The standards were written by a consortium of 26 states and several science education organizations, including the National Research Council, the National Science Teachers Association and the American Association for the Advancement of Science, according to the standards’ website.
More:New Mexico backtracks on dropping evolution in classrooms
Though Next Generation’s writers advise states to adopt the standard in whole without alteration, the standards are a framework that individual states can elect to make changes or additions to. For example, PED’s proposed standards included New Mexico science and society requirements, including a requirement that high school students “identify important questions that science cannot answer… (and) identify ways that science plays a role in many different kinds of careers and activities.”
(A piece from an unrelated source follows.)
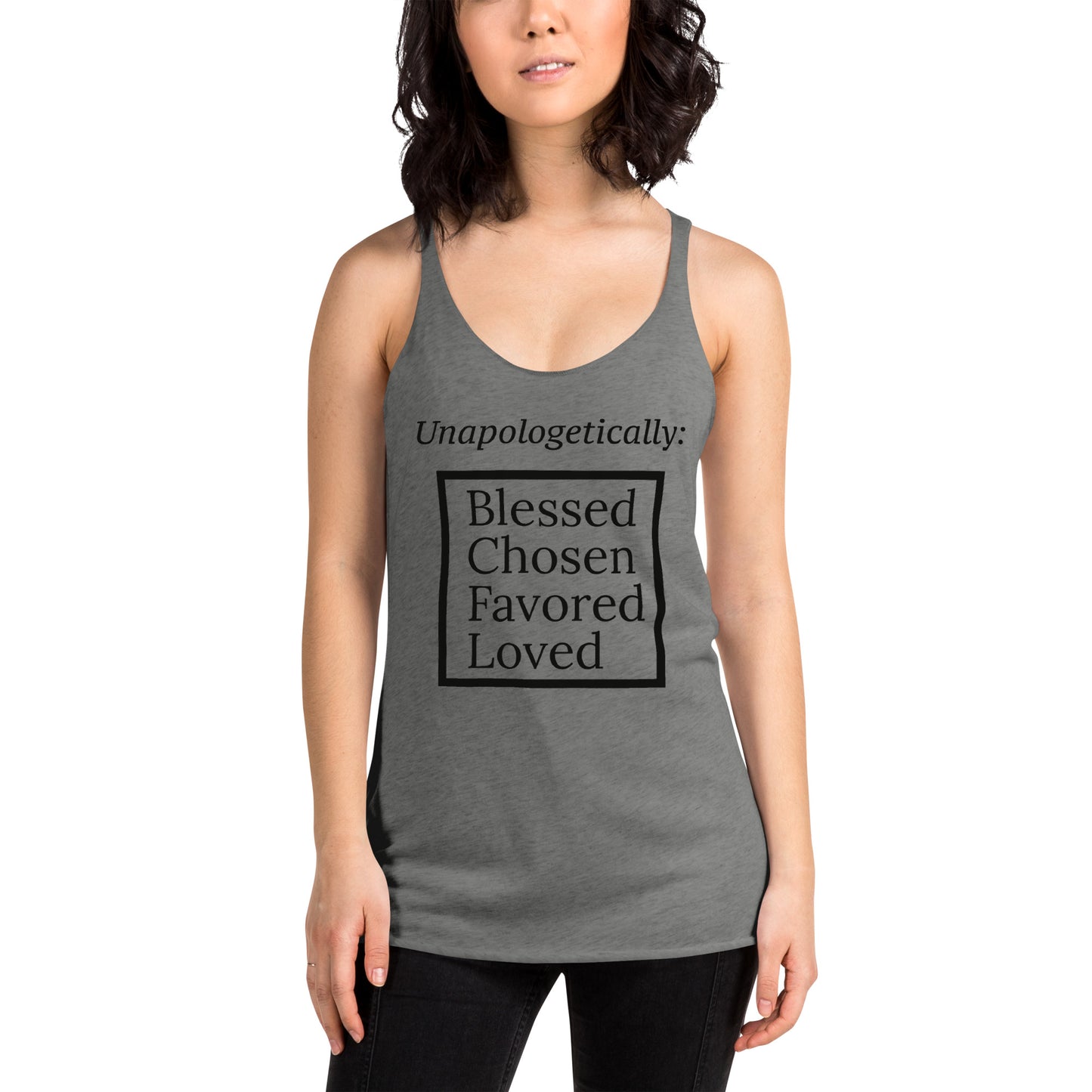 Unapologetic Women's Racerback Tank - Black print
However, critics say that in the proposed standards the state also watered down language on controversial topics like climate change and evolution. Mother Jones reported that a mention of “the rise in global temperatures” was changed to “the fluctuation in global temperatures,” and some references to the scientifically accepted age of the earth — 4.6 billion years old — and evolution were removed.
However, after public outcry and protests outside the Public Education Department offices in Santa Fe on Oct. 16, the state walked back on the proposed changes, announcing it would adopt the New Generation Science Standards with no changes, except state-specific additions, the Santa Fe New Mexican reported on Oct. 25.
Eugene Schmidt, superintendent of Farmington Municipal School District, weighed in on the issue during public testimony with a letter to PED, asking the state to adopt the Next Generation Science Standards without the proposed changes.
More:New Mexico PED to drop some edits to science standards; opponents still question changes
“I asked that that be our state’s decision, because when our state students are compared to other students in the nation, we would want a similar empirical belief in science,” Schmidt said on Oct. 27. “… It did make sense to do some of the new (state-specific) standards — that I’m still going to study a little bit more — because they’re unique to New Mexico, but I think the important thing is take the politics out of education and let kids learn what students from other states are learning.”
Bloomfield School District Superintendent Kim Mizell declined to comment on the proposed standards, but she said she supports the Next Generation Science Standards as originally written.
“I’m fine with the Next Generation state standards for science,” Mizell said on Nov. 2. “They’re progressive. They’re in the 21st century. They are moving forward with what our students need to understand and know to be successful in a technologically enhanced world.”
More:New Mexico to rewrite proposed science standards
Kirk Carpenter, superintendent of Aztec School District, said it’s important to keep language “neutral” in standards, but that controversial topics shouldn’t be something schools shy away from.
“As you present any kind of subject matter, you have to do it in an unbiased manner and move forward,” Carpenter said. “Our kids in schools have to be able to go through subject matter and be able to deal with it. We can’t protect our kids to the extent where we can’t cover what may be seen as these controversial issues.”
That’s part of the point of a science education, Hermosa Middle School science teacher Cindy Colomb said — to use critical thinking to wade through controversial topics in science and form opinions based on fact and research.
Part of New Mexico’s science curriculum is and has been teaching and exploring the difference between scientific law — which are accepted statements based on repeated experimental observations “that cannot be disputed” — and scientific theory, which are well-substantiated explanations based on a body of facts repeatedly confirmed through observation and experiment that “is still gathering data and evidence to support just a theory,” Colomb said.
More:New Mexico quiet on origins of proposed school science standards
“To teach science better, we have to teach them how to critique science, but we have to give them the tools that they can (use) and they have to make a decision,” Colomb said. “I don’t really want the state to determine what children believe spiritually. I think that’s the family’s job, but to teach them how to be critical thinkers goes in line with that (science curriculum).”